Fortunately, monolithic-like devices such as surface acoustic wave (SAW) filters were developed over the last decades, and these provide the needed functions and features. With SAW filters, engineers are primarily concerned with selection of the filter as a single complete entity, instead of filter design. SAW filters offer a favorable combination of performance, size and cost, and are used extensively in applications embodying Wi-Fi, LTE, GSM, Bluetooth, and many other wireless standards. 

A multiband smartphone can have ten or more SAW filters, fulfilling many roles: wideband, narrowband, passband, low pass, and high pass, at both the system-level, as well as in highly localized sub-circuits (Figure 1). As a result, the filter-related activity of engineers has shifted from working through a complex design and associated test/debug to, instead, the selection of a suitable, available filter (which is a good thing, to most engineers).             

               

Figure 1: SAW filters are used in quantity in wireless devices, for front-end filtering, narrow multiband filtering, and eliminating specific interference sources; they can be narrow or wide, with band-pass, low-pass, and high-pass FIR characteristics. (Courtesy of Taiyo Yuden)

SAW filter basics

A SAW device transforms the electronic RF-signal energy to mechanical energy in the acoustic domain. The filter is based on a piezoelectric material used as a substrate, such as quartz, lithium niobate, lithium tantalate, or lanthanum gallium silicate. Both ends of this substrate are capped with a sculpted metal layer as the electro-acoustic transducer, formed from comb-like fingers as an interdigital transducer (IDT), as illustrated in Figure 2.

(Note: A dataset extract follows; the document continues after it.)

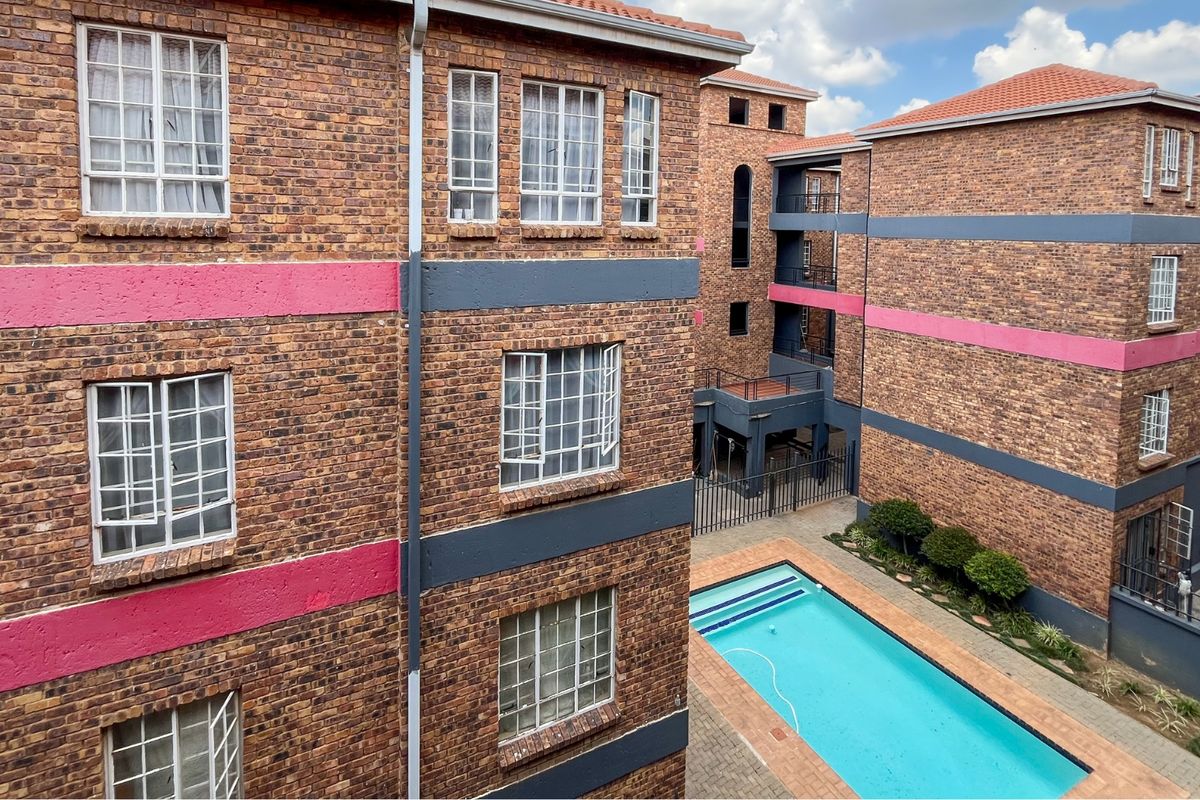 An elevated view of an apartment complex courtyard featuring a swimming pool, paved deck, and multi-story brick buildings with painted accents.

Figure 2: Comb-like interdigital transducers at each end of the piezoelectric substrate convert impinging electrical energy to acoustic-mechanical energy, the energy wave then travels across the surface, where it is converted back to electrical energy by an IDT at the receiving end. (Courtesy of the University of South Florida)

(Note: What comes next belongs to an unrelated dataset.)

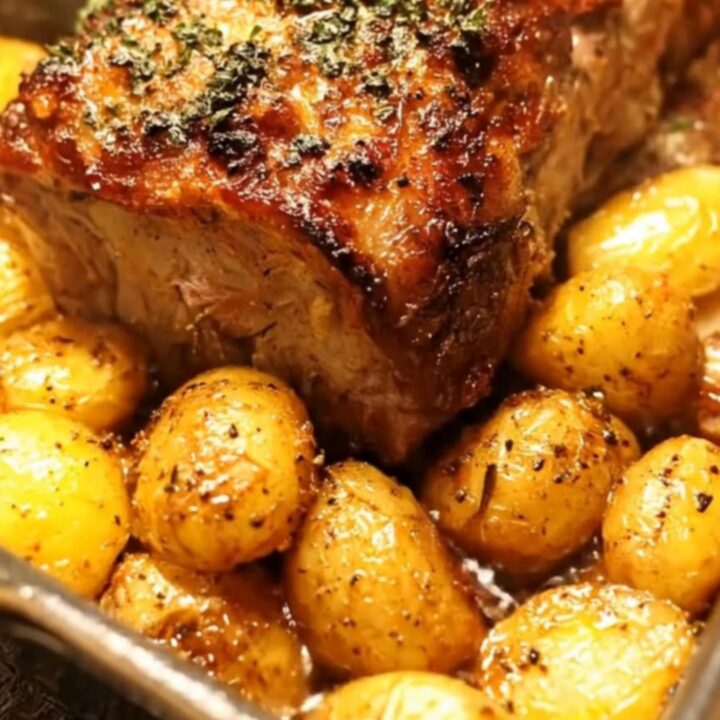 A roasted pork loin surrounded by glistening, golden-brown baby potatoes in a roasting pan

The electrical signal is applied to one end of the device, converted to acoustic energy by the source IDT and launched across the piezo material’s surface, where it travels as surface-acoustic wave (called Rayleigh waves after Lord Rayleigh, who analyzed them in detail). The energy is then converted back to an electronic signal at the far end by a similar though not identical IDT, designed to capture the energy. Fortunately, the overall electrical/acoustic and complementary acoustic/electrical conversion processes are highly-efficient, reaching 99% or better; this helps maintain SNR and signal integrity.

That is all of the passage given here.